HackerRank Floyd : City of Blinding Lights Solution

Posted on May 20, 2023May 20, 2023 By Yashwant Parihar No Comments on HackerRank Floyd : City of Blinding Lights Solution

In this post, we will solve HackerRank Floyd : City of Blinding Lights Problem Solution.

Given a directed weighted graph where weight indicates distance, for each query, determine the length of the shortest path between nodes. There may be many queries, so efficiency counts.

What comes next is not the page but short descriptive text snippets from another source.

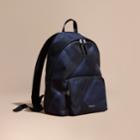 Burberry Burberry Leather Trim Check Print Backpack, Blue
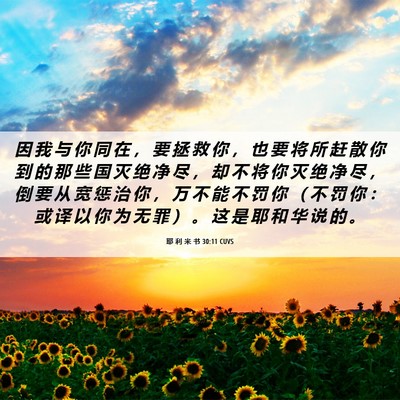 Picture 06 - 耶 利 米 书 30:11 CUVS - 因 我 与 你 同 在 ， 要 拯 救 你 ， - Bible Verse Picture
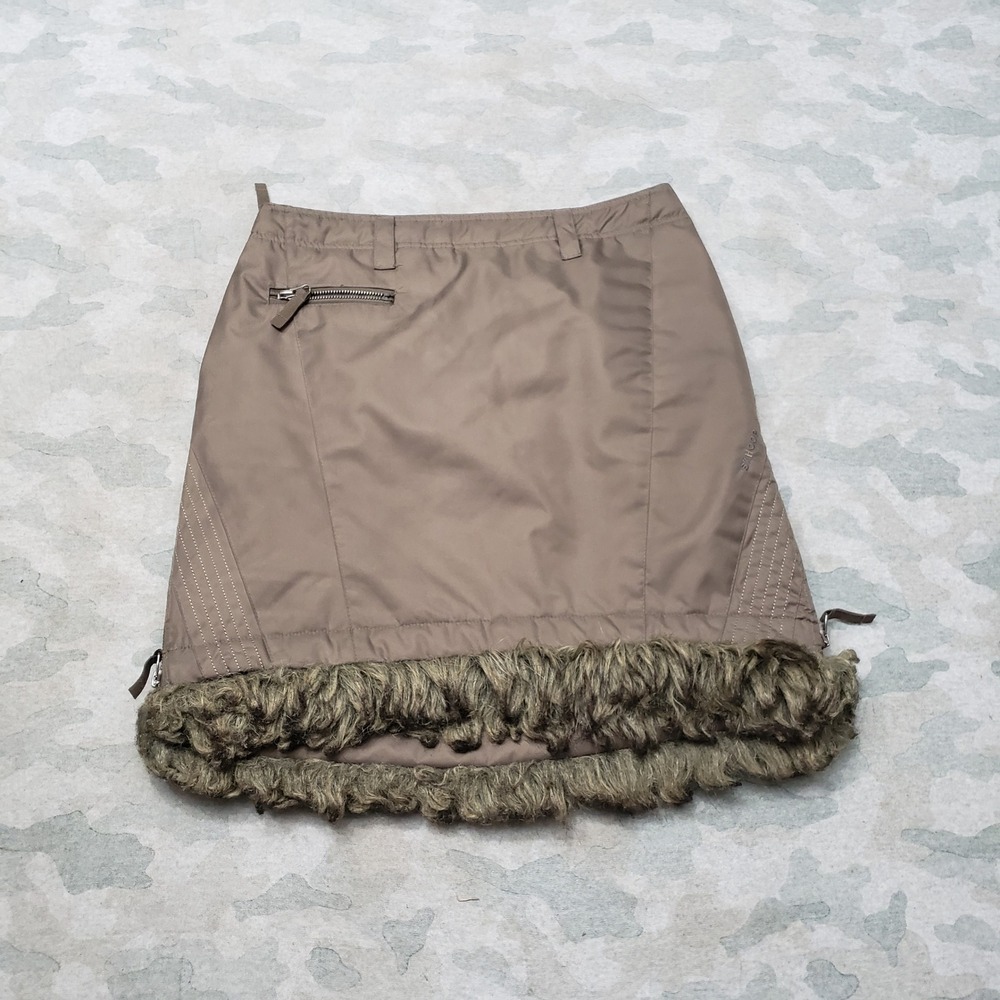SKHOOP Mini Skirt Womens Small Brown Faux Fur Trim Zip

For example, your graph consists of 5 nodes as in the following:

  1. There are two paths from 4 to 3:
  • 4 1 2 3 at a distance of 4+ 5+1=10
    4 153 at a distance of 4+3+2=9 In this case we choose path 2.
  1. There is no path from 2 to 5, so we return -1.
  2. There is one path from 5 to 3:
    5 – 3 at a distance of 2.

Input Format
The first line has two integers n and m, the number of nodes and the number of edges in
the graph.
Each of the next m lines contains three space-separated integers u v and w, the two nodes between which the directed edge u⇒ v exists, and w, the length of the edge.
The next line contains a single integer q, the number of queries.
Each of the next q lines contains two space-separated integers a and b, denoting the start and end nodes for traversal.

The distance from a node to itself is always 0 and it is always reachable from itself.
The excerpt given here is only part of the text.